What High Protein, Low Fat Foods Are Available To Eat?

by on May 27, 2012

in consumer

Consumer news, Consumer alerts and a Consumer's opinionThese days there are all kinds of reasons to pursue foods that are high in protein. Or just sources of protein like steak. Some folk suggest protein supplements but I was curious about what food sources were a good source of protein but wouldn’t add more girth. (AKA, pepperoni pizza!) I’m thinking I don’t need to spend more money on different or more food. I would just try and focus on supplementing what I already prepare and eat, but as low in fats as possible.

One source of protein is peanut butter. I have no problem downing gobs of peanut butter, but I don’t think that’s my best plan for the long run. For some, like vegetarians, getting protein is an important aspect and focus.
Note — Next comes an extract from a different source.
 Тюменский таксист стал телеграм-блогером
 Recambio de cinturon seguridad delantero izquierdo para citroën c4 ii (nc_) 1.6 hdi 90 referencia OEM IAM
But what is a good source?

Looking around, here’s what I saw on the web… where

the Recommended Dietary Allowance (RDA) for protein is 56 grams a day for men and 46 grams a day for women and should make up about 35% of your calories.

Over on WebMD, quoting the U.S. Department of Agriculture, the following are good sources of protein:

source (grams of protein)

  • 1 ounce meat, fish, poultry (7)
  • 1 large egg (6)
  • 4 ounces low-fat yogurt (6)
  • 4 ounces soy milk (5)
  • 3 ounces tofu, firm (13)
  • 1 ounce cheese (7)
  • 1/2 cup low-fat cottage cheese (14)
  • 1/2 cup cooked kidney beans (7)
  • 1/2 cup lentils (9)
  • 1 ounce nuts (7)
  • 2 tablespoons peanut butter (8)

WebMD points out the following lean forms/sources of protein:

Yogurt, oatmeal with milk, fat-free mozzarella, smoked salmon, hard-boiled eggs, edamame beans, round or tenderloin cuts of meat. Though someone warned me that fat-free cheeses are not very palatable.


According to AskMen.com, they have this to say about what there is for protein sources:

  • Beef Jerky: 1 ounce, ~70 calories, 1 gram of fat, 11 grams of protein. They suggest looking in health food stores for low salt/sodium versions. (1 gram of protein for 6 calories)
  • Egg Whites: 1 egg white, 15 calories, is fat and cholesterol-free, 4 grams of protein. (1 per 3)
  • Tuna: approximately 25 grams per can, 111 calories. (1 per 4)
  • Cottage Cheese: 1/2 cup of 2% cottage cheese contains on avg 16 grams of protein, only has 102 calories and 2 grams of fat (1 per 6)
  • Lentils: 1 cup has about 230 calories, 1 gram of fat and 18 grams of protein. (1 per 12)
  • Oatmeal: 1 packet of instant oatmeal has ~5 grams of protein, 105 calories and 2 grams of fat. (1 per 21)
  • Peanut butter: 1 Tablespoon contains about 4 grams of protein, 8 grams of fat and 95 calories. (1 per 23)


Over at Health-Alicious-Ness, they point out that low sodium Parmesan cheese has 41.6 grams of protein per 100 gram serving. Regular whole Parmesan at 35.8 grams of protein per 100 grams. This is the most of the cheeses.

Mature roasted soybeans have the most protein in the beans grouping, providing 39.6 grams of protein per 100 gram serving, or 68 grams per cup.

As far as low-calorie sources of protein, they indicate

  • Canned tuna, that has 1g of protein per 4.6 calories. Behind tuna, is
  • Dry roasted soybeans, at 1g per 11.4cal &
  • Parmesan cheese at 1g per 10.6cal.


So from what I’m seeing in my early foray into the web and what different sources are saying, I’ve got cottage cheese, tuna, and Parmesan cheese as options. (Options I’d easily gravitate to.) Below are my source links… I’ve not repeated everything they’ve said and their lists have more data in them. I selected the most productive looking forms of protein supply in this particular quest today. I thought I’d share with everyone.